__Material for this task__:
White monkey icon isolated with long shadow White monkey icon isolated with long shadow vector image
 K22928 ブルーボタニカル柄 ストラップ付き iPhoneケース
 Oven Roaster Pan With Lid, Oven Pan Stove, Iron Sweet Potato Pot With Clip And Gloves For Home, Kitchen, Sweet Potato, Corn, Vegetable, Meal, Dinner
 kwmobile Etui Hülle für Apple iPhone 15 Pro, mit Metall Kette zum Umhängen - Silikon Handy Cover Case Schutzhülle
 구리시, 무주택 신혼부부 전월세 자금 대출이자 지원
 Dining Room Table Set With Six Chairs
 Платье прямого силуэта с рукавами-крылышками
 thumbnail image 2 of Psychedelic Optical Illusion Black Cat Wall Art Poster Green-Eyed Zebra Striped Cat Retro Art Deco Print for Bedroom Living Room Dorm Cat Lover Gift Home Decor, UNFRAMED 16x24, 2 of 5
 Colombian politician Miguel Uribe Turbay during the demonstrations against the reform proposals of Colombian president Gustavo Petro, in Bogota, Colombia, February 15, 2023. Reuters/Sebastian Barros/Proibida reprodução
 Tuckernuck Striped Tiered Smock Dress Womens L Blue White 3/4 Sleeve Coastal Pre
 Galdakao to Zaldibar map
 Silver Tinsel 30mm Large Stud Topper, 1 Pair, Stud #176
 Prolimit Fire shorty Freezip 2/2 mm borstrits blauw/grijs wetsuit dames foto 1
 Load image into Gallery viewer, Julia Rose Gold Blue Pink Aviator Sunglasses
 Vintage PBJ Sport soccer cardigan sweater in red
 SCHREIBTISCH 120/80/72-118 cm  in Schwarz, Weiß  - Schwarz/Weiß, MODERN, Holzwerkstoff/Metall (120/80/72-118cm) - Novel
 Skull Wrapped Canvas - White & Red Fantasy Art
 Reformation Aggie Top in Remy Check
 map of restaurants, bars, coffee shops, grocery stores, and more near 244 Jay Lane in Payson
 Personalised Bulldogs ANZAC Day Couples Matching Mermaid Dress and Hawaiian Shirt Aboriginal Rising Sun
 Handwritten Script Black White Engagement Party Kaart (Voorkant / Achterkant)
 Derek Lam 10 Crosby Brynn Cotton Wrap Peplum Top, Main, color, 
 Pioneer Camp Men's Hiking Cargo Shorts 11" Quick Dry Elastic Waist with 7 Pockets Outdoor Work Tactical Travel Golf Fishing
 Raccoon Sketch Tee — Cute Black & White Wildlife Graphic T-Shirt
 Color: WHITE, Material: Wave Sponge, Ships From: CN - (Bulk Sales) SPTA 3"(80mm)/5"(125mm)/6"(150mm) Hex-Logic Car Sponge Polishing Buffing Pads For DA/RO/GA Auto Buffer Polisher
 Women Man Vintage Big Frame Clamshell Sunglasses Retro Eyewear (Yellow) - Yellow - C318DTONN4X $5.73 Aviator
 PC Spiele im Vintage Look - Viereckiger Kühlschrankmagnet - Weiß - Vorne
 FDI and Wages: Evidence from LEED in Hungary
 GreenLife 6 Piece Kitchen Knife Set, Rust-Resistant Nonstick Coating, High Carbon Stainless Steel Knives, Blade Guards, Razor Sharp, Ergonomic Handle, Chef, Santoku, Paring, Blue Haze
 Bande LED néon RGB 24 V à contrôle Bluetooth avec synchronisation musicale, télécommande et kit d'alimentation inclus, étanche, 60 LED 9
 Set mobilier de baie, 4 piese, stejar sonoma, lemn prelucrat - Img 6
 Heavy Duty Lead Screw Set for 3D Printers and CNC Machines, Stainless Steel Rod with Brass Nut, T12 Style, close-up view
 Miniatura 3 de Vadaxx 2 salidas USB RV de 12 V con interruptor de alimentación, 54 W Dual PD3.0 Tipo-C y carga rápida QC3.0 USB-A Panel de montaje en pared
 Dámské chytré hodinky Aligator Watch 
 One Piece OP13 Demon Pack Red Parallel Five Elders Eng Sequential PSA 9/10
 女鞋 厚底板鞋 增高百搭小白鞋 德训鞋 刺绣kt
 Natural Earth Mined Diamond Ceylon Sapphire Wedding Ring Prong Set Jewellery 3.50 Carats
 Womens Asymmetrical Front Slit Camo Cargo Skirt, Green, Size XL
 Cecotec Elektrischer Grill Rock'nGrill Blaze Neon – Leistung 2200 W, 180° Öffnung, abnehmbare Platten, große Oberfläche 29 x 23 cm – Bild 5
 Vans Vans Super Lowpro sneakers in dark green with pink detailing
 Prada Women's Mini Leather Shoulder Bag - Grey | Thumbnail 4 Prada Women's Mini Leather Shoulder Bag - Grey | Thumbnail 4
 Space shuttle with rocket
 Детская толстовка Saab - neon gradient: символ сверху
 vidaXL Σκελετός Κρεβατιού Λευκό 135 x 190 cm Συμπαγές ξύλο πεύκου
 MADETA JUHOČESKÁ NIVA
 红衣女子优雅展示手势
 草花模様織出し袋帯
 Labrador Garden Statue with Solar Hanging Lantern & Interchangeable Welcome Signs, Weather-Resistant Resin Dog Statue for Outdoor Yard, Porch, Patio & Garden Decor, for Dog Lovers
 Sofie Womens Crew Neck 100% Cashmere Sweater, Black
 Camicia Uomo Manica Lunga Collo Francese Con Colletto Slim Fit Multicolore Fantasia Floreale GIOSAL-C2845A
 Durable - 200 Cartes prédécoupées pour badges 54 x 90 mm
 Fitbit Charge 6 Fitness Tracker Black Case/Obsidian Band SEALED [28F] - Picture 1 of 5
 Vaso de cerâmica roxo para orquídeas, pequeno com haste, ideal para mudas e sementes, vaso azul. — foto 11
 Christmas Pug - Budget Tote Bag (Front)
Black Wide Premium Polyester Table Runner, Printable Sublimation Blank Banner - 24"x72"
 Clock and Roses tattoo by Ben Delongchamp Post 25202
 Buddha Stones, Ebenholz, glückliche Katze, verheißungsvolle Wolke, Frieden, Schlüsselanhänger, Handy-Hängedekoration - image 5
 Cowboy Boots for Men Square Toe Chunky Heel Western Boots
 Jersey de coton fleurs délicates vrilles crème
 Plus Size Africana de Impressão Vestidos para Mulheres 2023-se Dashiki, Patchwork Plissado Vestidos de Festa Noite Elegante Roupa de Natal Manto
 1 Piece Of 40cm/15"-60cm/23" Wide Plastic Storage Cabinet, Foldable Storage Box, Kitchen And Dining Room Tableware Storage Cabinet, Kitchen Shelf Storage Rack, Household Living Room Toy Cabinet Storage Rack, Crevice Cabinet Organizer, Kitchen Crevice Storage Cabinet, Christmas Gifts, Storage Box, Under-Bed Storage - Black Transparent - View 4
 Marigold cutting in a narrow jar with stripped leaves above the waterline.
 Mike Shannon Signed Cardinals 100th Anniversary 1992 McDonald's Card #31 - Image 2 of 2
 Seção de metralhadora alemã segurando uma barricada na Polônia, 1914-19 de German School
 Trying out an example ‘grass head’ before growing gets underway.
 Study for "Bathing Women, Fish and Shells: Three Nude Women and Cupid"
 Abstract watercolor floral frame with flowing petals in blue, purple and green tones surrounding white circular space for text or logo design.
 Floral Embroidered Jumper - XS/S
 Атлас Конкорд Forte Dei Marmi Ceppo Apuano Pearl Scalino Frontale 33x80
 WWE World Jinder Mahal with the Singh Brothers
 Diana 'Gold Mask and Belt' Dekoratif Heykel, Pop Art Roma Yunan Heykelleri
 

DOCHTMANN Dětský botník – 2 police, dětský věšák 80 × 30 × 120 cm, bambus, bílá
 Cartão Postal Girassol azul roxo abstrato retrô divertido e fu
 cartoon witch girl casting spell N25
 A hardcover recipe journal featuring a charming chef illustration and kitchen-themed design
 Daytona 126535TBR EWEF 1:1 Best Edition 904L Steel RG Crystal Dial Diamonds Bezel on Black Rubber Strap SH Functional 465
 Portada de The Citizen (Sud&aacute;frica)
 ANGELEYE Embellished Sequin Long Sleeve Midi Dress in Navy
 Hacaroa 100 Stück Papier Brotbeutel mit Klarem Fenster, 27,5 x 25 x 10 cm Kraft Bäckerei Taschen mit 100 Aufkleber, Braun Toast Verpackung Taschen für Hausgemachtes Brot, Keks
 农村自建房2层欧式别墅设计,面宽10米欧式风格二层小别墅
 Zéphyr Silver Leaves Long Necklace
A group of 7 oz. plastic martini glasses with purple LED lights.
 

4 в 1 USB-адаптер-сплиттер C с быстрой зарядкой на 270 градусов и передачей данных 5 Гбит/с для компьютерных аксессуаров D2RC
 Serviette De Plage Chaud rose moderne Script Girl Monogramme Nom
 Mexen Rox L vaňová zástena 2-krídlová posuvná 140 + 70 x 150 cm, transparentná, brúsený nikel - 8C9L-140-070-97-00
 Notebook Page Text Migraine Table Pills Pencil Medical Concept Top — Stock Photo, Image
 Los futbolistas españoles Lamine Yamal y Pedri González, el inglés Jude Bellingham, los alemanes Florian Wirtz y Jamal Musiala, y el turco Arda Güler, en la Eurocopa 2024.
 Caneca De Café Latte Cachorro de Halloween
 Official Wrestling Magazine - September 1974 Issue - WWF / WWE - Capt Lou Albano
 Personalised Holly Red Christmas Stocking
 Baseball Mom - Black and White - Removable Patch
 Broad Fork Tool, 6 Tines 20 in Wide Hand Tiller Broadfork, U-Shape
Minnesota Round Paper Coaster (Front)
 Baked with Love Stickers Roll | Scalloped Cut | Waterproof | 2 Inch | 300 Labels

__Exercise requirements__:
Taking the entries above, write out exactly the lines starting with the line containing "Raccoon Sketch Tee" and going on through the line containing "Color: WHITE, Material: Wave", both included, and nothing else.

__Response area__:
 Raccoon Sketch Tee — Cute Black & White Wildlife Graphic T-Shirt
 Color: WHITE, Material: Wave Sponge, Ships From: CN - (Bulk Sales) SPTA 3"(80mm)/5"(125mm)/6"(150mm) Hex-Logic Car Sponge Polishing Buffing Pads For DA/RO/GA Auto Buffer Polisher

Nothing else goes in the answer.